Volte

Diffidate dai negozi che vi chiedono amicizia su Facebook.

Sono stupito nel vedere e nel capire come il popolo si approccia con i vari servizi che la Rete ci regala, il più delle volte, in maniera gratuita… Come sempre per iscriversi a un servizio on line ci si deve prima registrare e poi, alla fine, come sempre, leggere l’accordo contrattuale o la Policy (cosa che nessuno fa!!), il regolamento su come andare d’accordo con l’azienda costruttrice del servizio e il suo utilizzo. Su Facebook mi sono accorto che questo non sempre accade perchè le Aziende/Imprese, per fare i furbetti, e trovare tantissimi “possibili clienti” si fingono persone private con una data di nascita, luogo di nascita, orientamento religioso e sessuale, ecc.

Ho capito che per trovare clienti chiedono, in gergo tecnico A SPAM, amicizia a catena di persone del territorio. Fanno uso, in maniera sproporzionata, di richieste a tutti coloro che possono, in qualche maniera, raggiungere il negozietto. Quando, invece, il regolamento Facebook propone alle aziende, organizzazioni, imprese, istituzioni, marchi, prodotti, artisti, personaggi pubblici, intrattenimenti di vario genere e Comunità una pagina dedicata per la creazione. Una pagine che offre loro, a differenza del profilo privato, una statistica (insight) ben dettagliata con elementi di spunto per un buon monitoraggio e ricerca per un miglioramento, possibilità di essere ricercati anche fuori dalla cortina di ferro di Facebook su un motore di ricerca (google??), possibilità di viral marketing, personalizzazione della “pagina di atterraggio”, amministrazione della pagina con uno staff dedicato e inserzioni pubblicitarie dedicate.

E allora?
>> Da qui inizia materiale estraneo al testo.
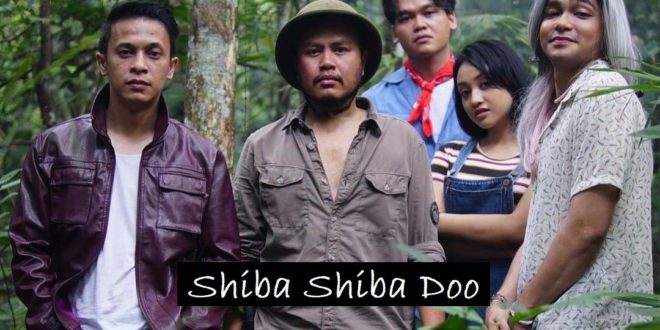 Telefilem Shiba Shiba Doo (Astro Citra)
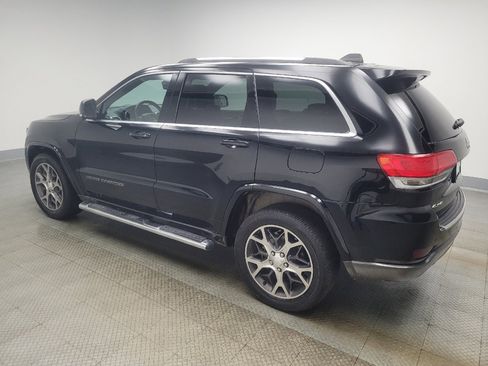 Used 2018 Jeep Grand Cherokee Limited AWD/4WD image 3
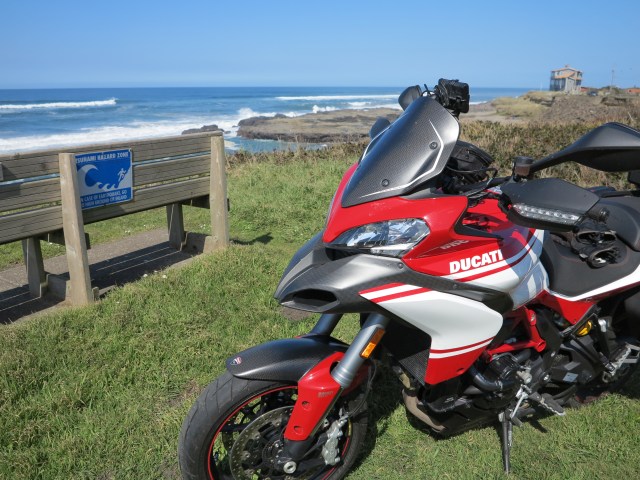 Yachats and the Tsunami Warning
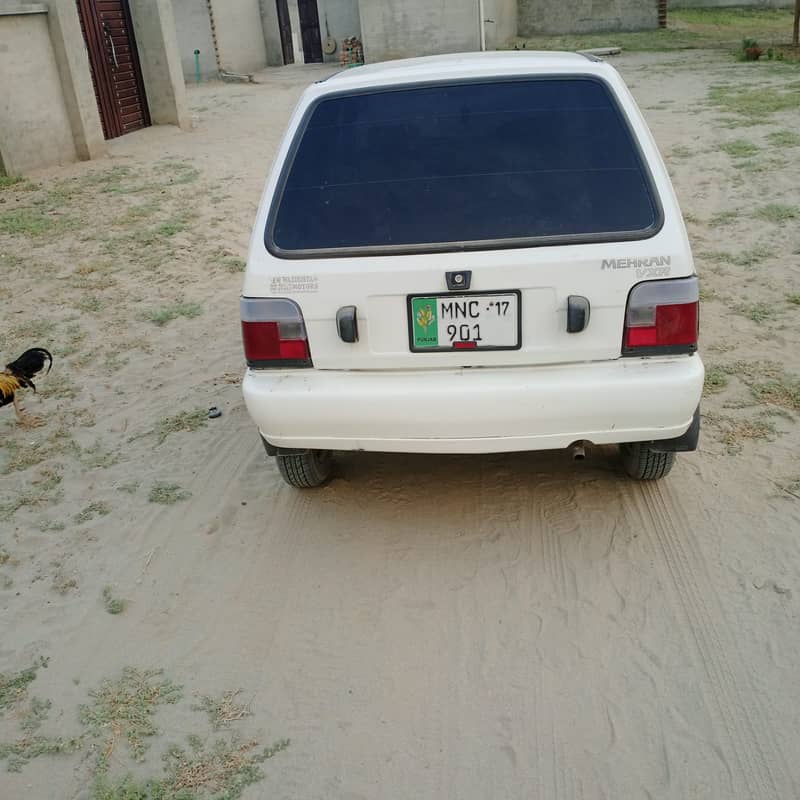 Mehran Car 2017 2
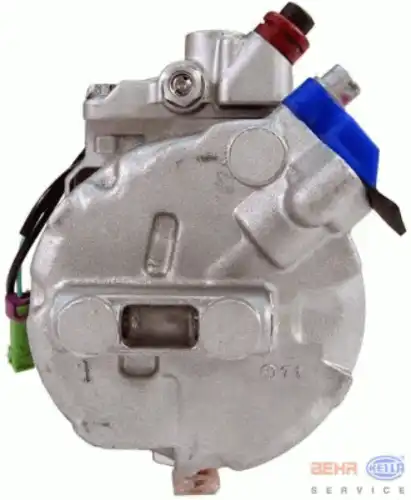 Компрессор, кондиционер 8FK 351 108-071 HELLA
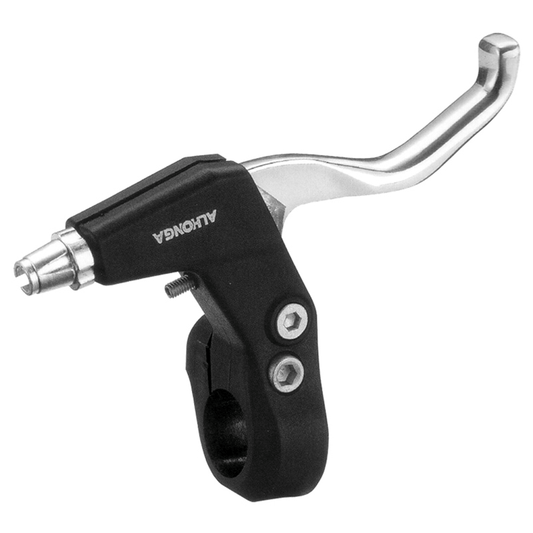 ALHONGA Bicycle Lever Set For V-Brake Aluminum. Black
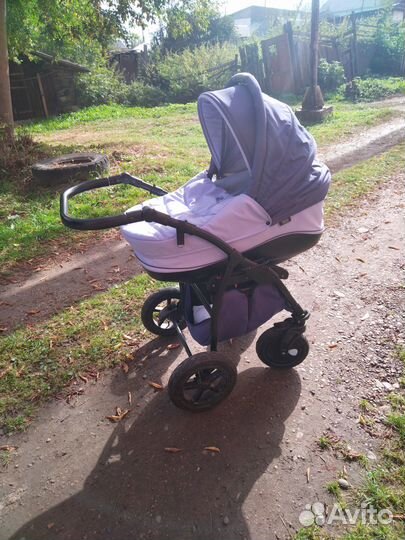 Коляска zippy 3 в 1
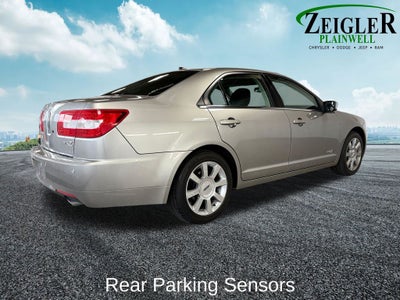 2009 Lincoln MKZ Base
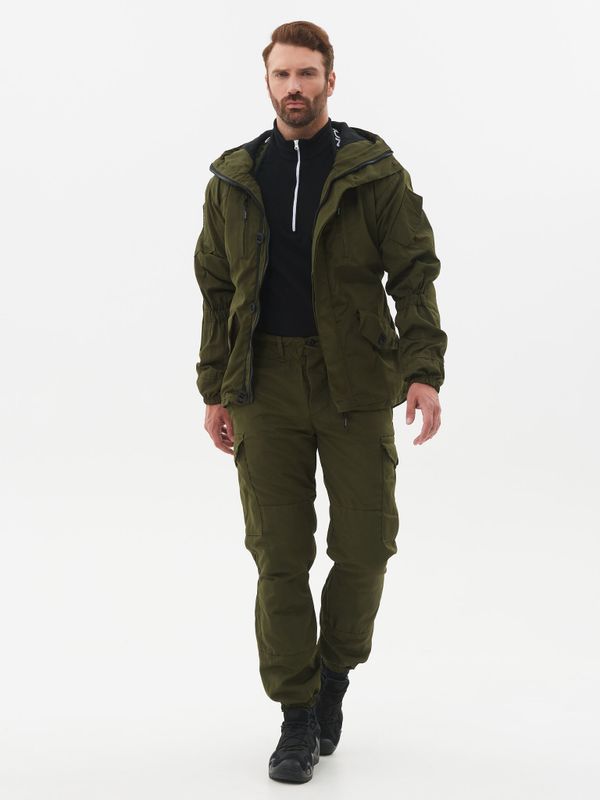 Костюм демисезонный Горка-5 ткань Смесовая Рип-Стоп цвет Хаки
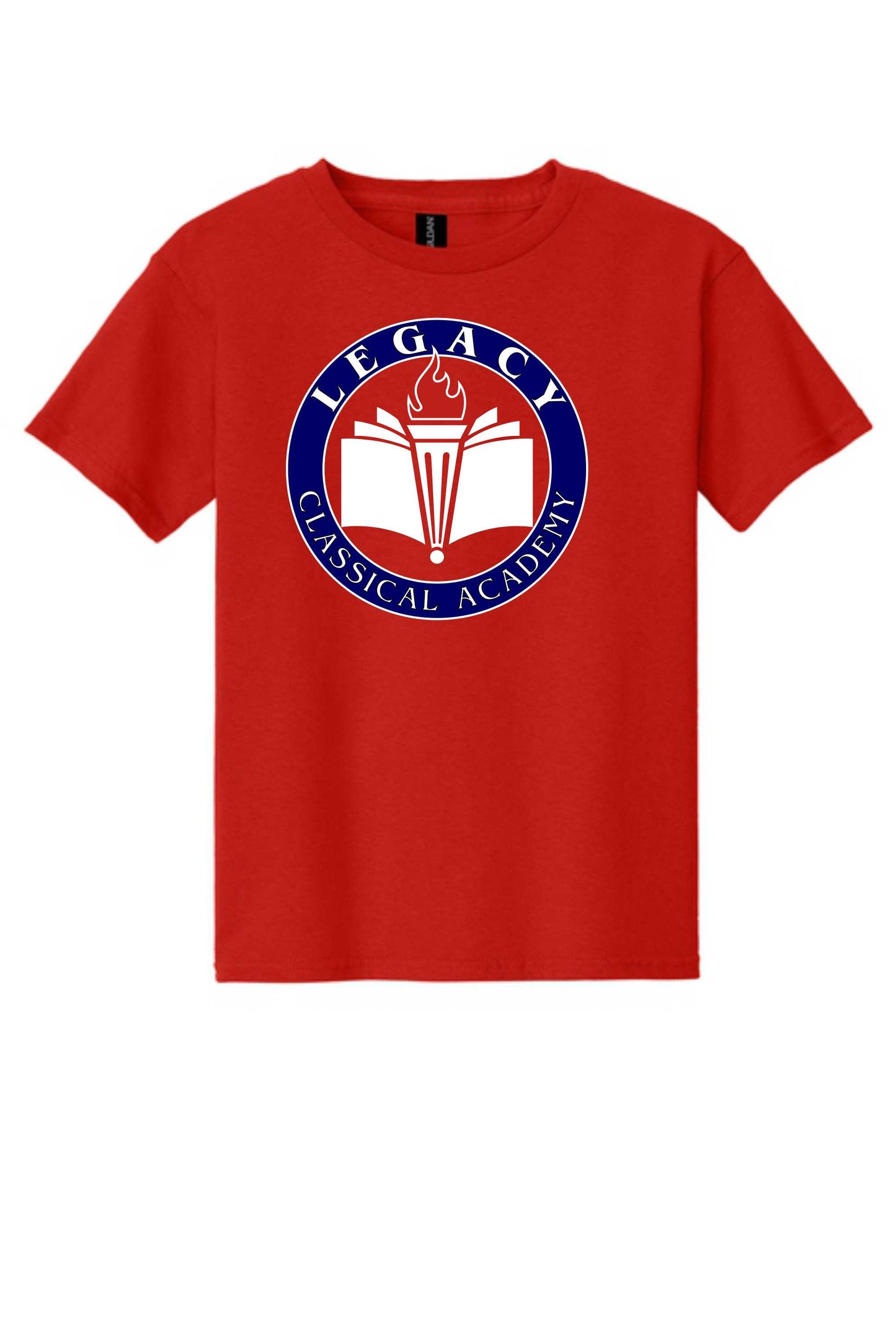Legacy Short Sleeve T-Shirt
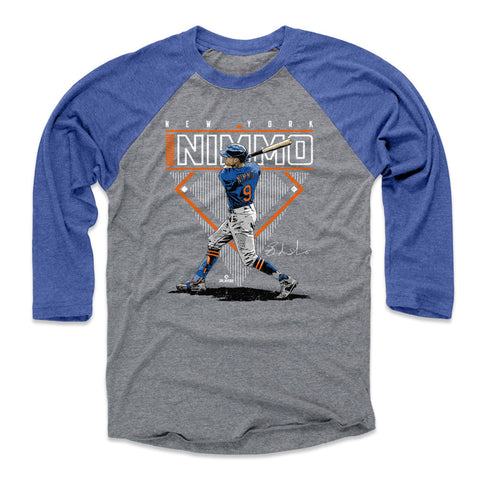 Brandon Nimmo Diamond Name WHT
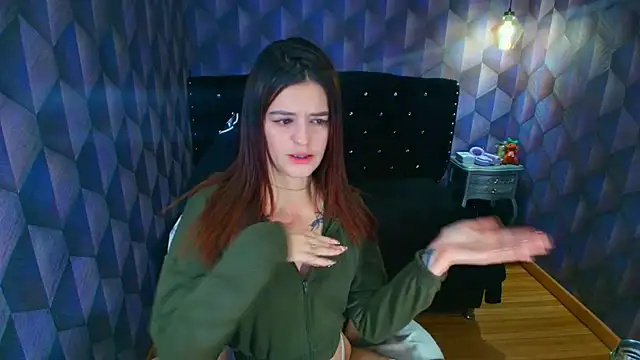 Chat +18 de LiaHarryis ao vivo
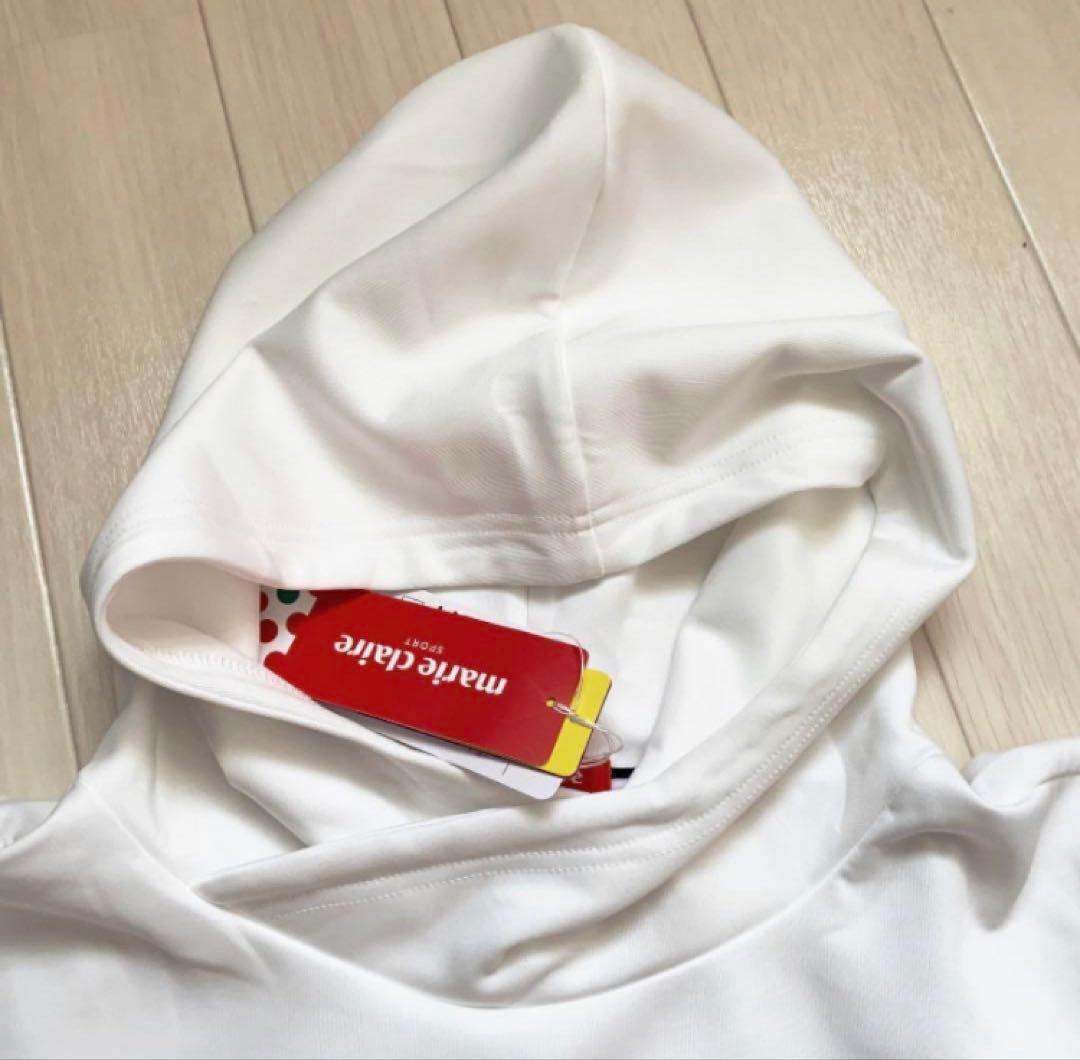 c*e様 新品■17,380円【マリクレール 】レディース　パーカー、スカート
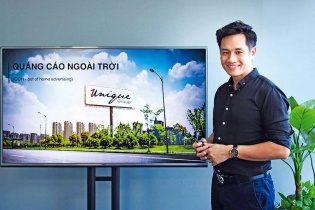 Doanh nhân Phạm Ngọc Linh, nhà sáng lập Unique Outdoor Advertising: Bài học lớn nhất là phát triển bản thân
Succede che mi chiedono amicizia Pizzerie, venditori di borse, calendari, pescherie, negozi di calzature, ottici, mobilifici, negozi di illuminazione, ecc. Non mi sembra carino che un negozio abbia un suo compleanno, una data di nascita, orientamento politico e, il bello del bello, amici a cui chiedere l’amicizia. Mi sembra scorretto, come dice anche Facebook, dover chiedere amicizia “sfruttando” il servizio in maniera smisurata con lo scopo NON di condividere ma di utilizzare l’amico per un proprio scopo. Non vi sembra?

Ma qualcuno allora potrebbe anche dire: “Ma a me che me frega? Lo fanno tutti lo faccio anch’io”.